Pre-commencement communications pursuant to Rule 14d-2(b) under the Exchange Act (17 CFR 240.14d-2(b))

 

Pre-commencement communications pursuant to Rule 13e-4(c) under the Exchange Act (17 CFR 240.13e-4(c))

Indicate by check mark whether the registrant is an emerging growth company as defined in Rule 405 of the Securities Act of 1933 (§ 230.405 of this chapter) or Rule 12b-2 of the Securities Exchange Act of 1934 (§ 240.12b-2 of this chapter).

Emerging growth company  

If an emerging growth company, indicate by check mark if the registrant has elected not to use the extended transition period for complying with any new or revised financial accounting standards provided pursuant to Section 13(a) of the Exchange Act.  

 


 

 

Item 2.01.

Completion of Acquisition or Disposition of Assets.

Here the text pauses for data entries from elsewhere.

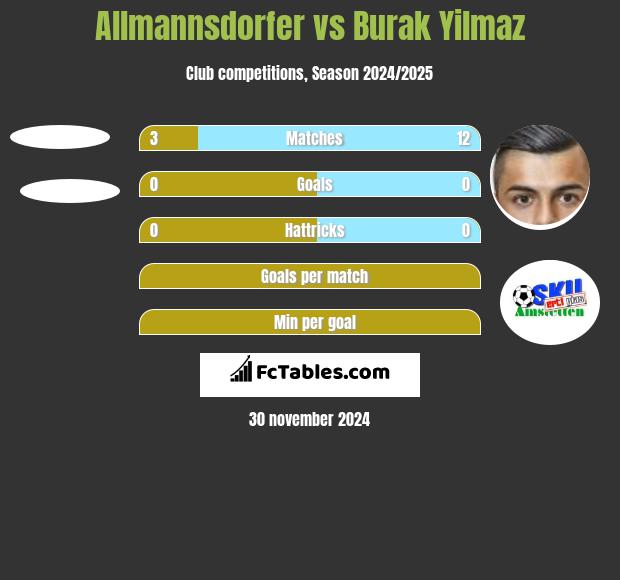 Allmannsdorfer vs Burak Yilmaz h2h player stats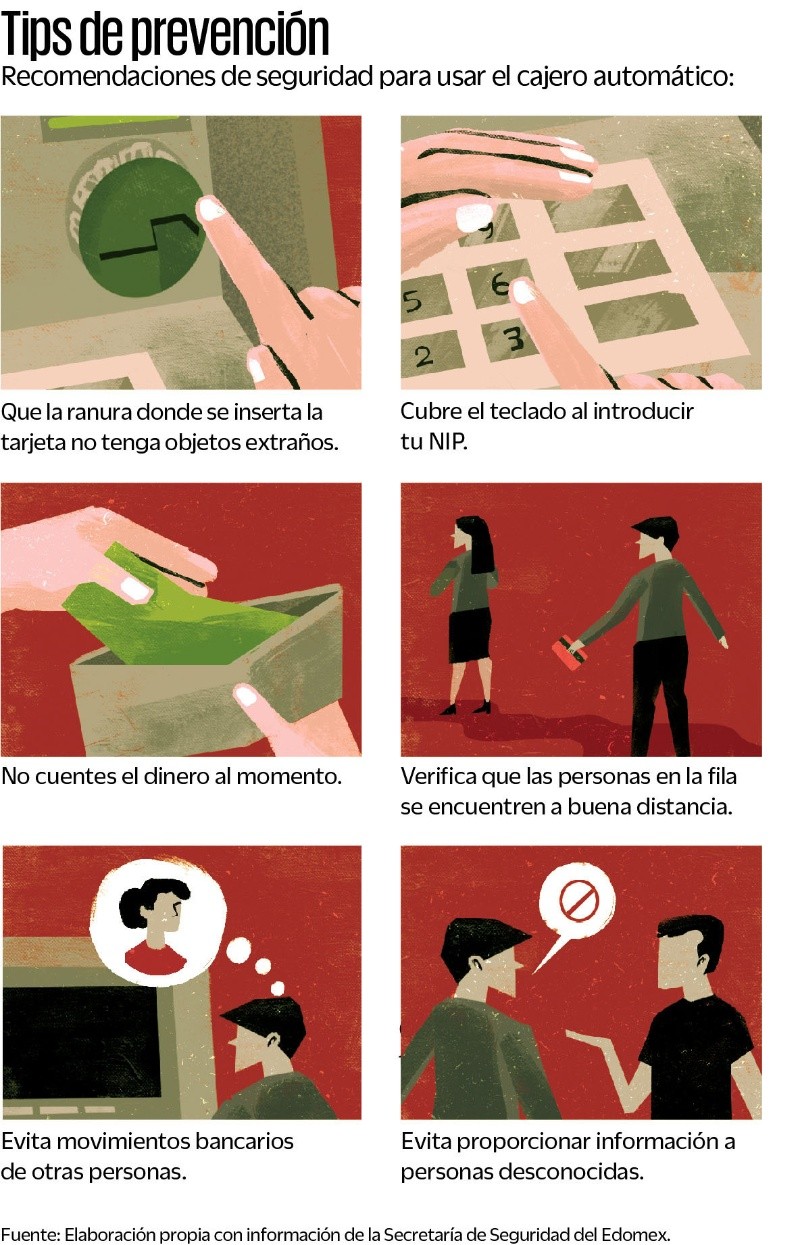Medidas de prevención al usar el cajero automático. SUN / ARCHIVO 
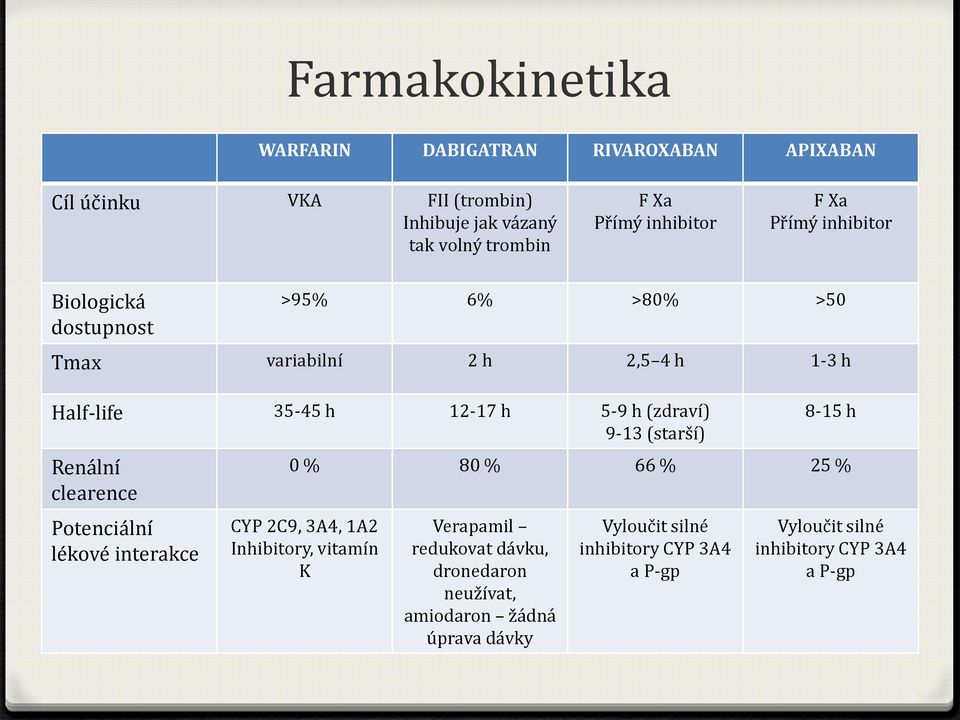 (zdraví) 9-13 (starší) Renální clearence Potenciální lékové interakce 8-15 h 0 % 80 % 66 % 25 % CYP 2C9, 3A4, 1A2 Inhibitory, vitamín K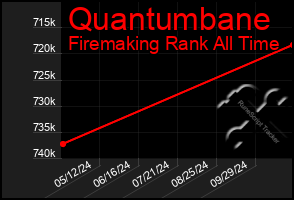 Total Graph of Quantumbane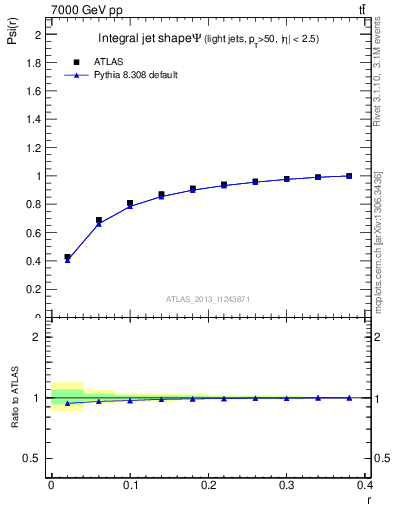 Plot of js_int in 7000 GeV pp collisions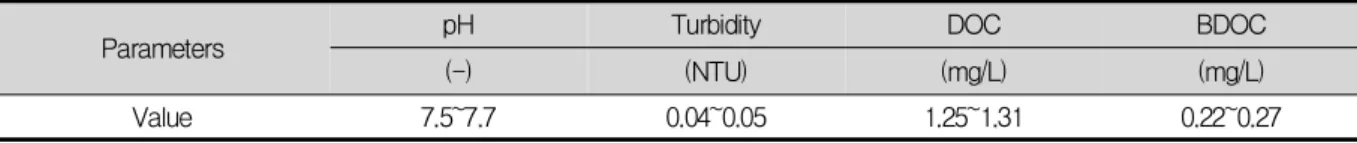 Table 1. Characteristics of post O3 treated waters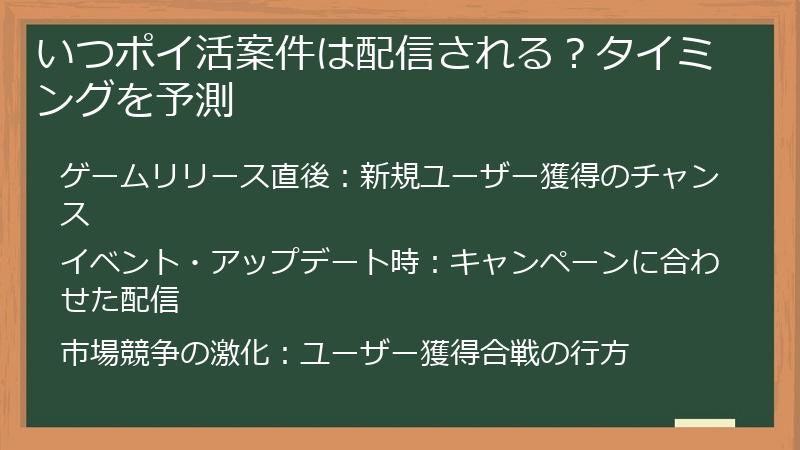 いつポイ活案件は配信される？タイミングを予測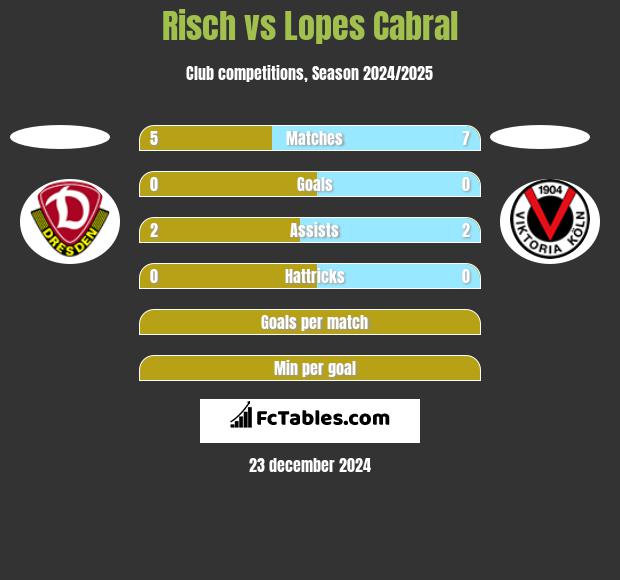 Risch vs Lopes Cabral h2h player stats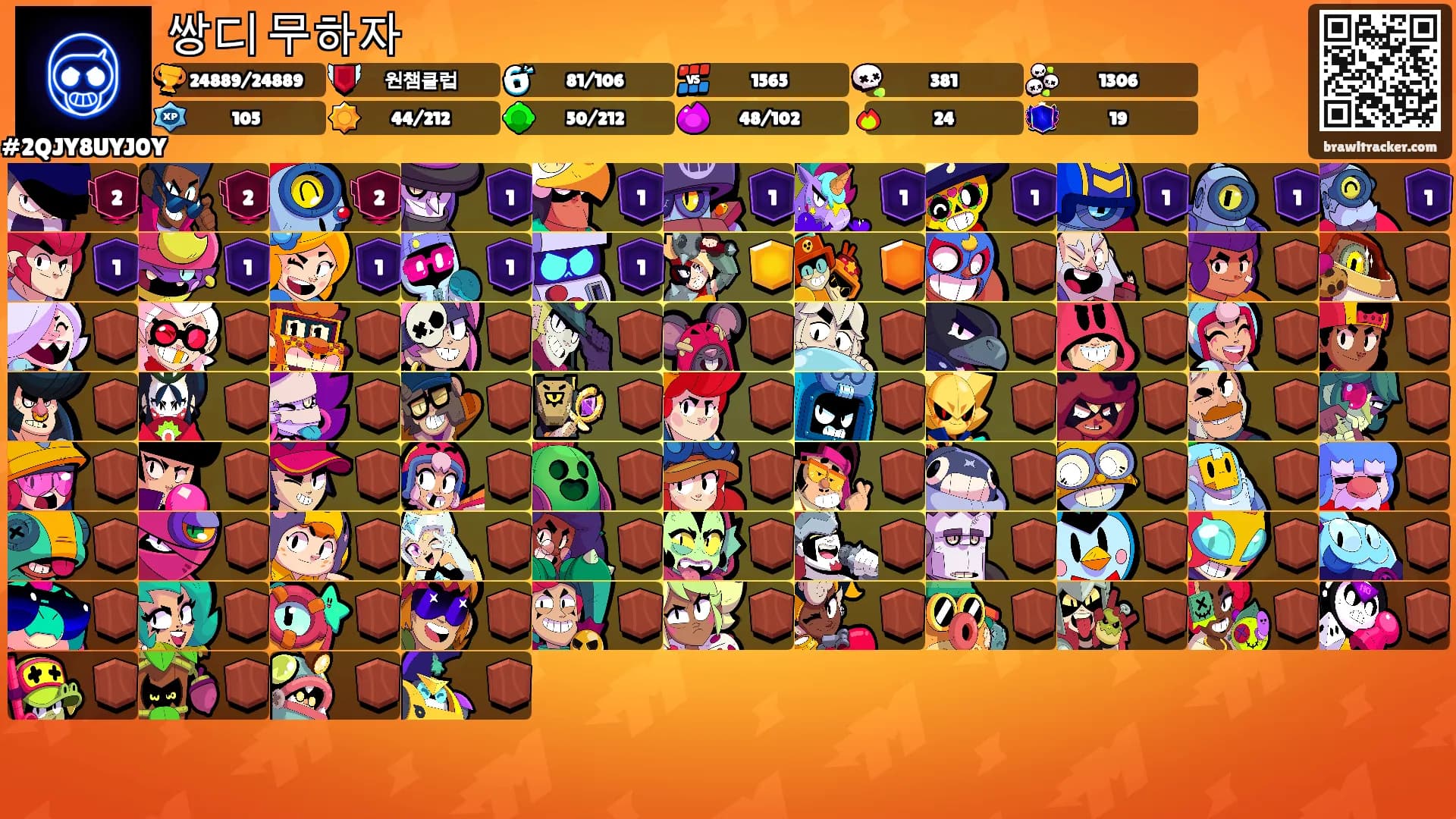 쌍디 무하자's Ranks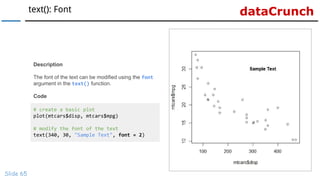 dataCrunchtext(): Font
Slide 65
# create a basic plot
plot(mtcars$disp, mtcars$mpg)
# modify the font of the text
text(340, 30, "Sample Text", font = 2)
Description
The font of the text can be modified using the font
argument in the text() function.
Code
 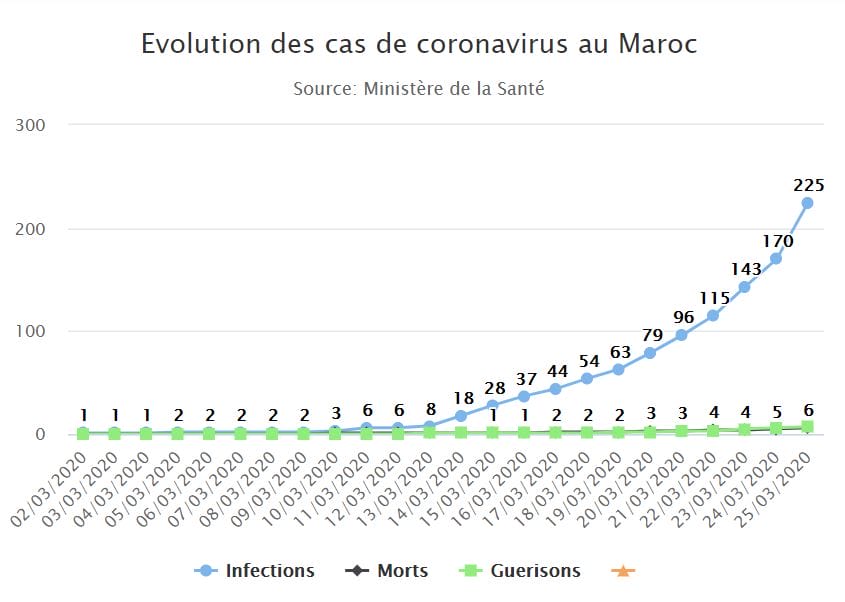 évolution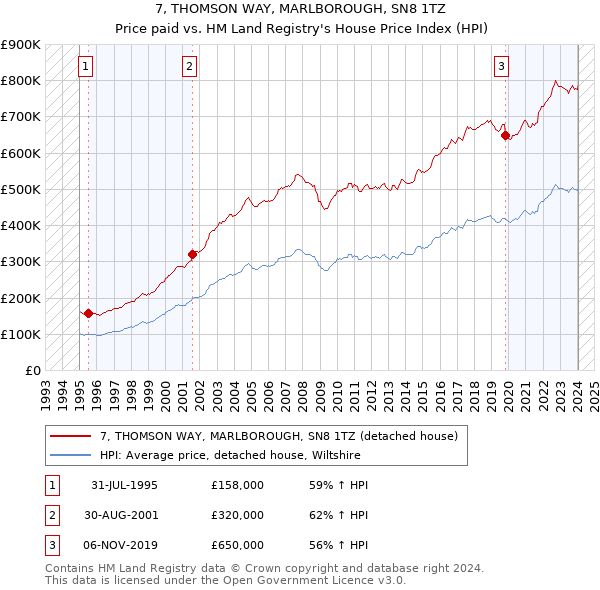 7, THOMSON WAY, MARLBOROUGH, SN8 1TZ: Price paid vs HM Land Registry's House Price Index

As previously announced, on October 13, 2017, Chaparral Energy, L.L.C., Chaparral CO2, L.L.C. and Chaparral Real Estate, L.L.C., each a wholly-owned subsidiary of Chaparral Energy, Inc. (the “Company”), entered into an Asset Purchase and Sale Agreement (the “Purchase Agreement”) with Perdure Petroleum, LLC to sell certain hydrocarbon interests and associated assets utilizing enhanced oil recovery methods (the “EOR Assets”), for total consideration of approximately $170 million in cash plus certain contingent payments and subject to customary closing adjustments. The Company closed on the sale of the EOR Assets on November 17, 2017 and used proceeds from the sale to pay down debt under its credit facility. The assets included in the sale contributed approximately 5,700 Boe/day of net production during the third quarter of 2017 and comprise 51% of the Company’s proved oil and natural gas reserves based on SEC criteria as of September 30, 2017.

The foregoing is not a complete description of all the terms and provisions of the  Purchase Agreement and is qualified in its entirety by reference to the full text of the Purchase Agreement, filed herewith as Exhibit 2.1 to this Current Report on Form 8-K and incorporated by reference herein.

The unaudited pro forma financial information required by Item 9.01 is filed as Exhibit 99.2 to this Current Report on Form 8-K.

Item 7.01.

Regulation FD Disclosure.

On November 20, 2017, the Company issued a press release announcing the completion of the sale of the EOR Assets described above. A copy of the press release is furnished as Exhibit 99.1 hereto and incorporated herein by reference.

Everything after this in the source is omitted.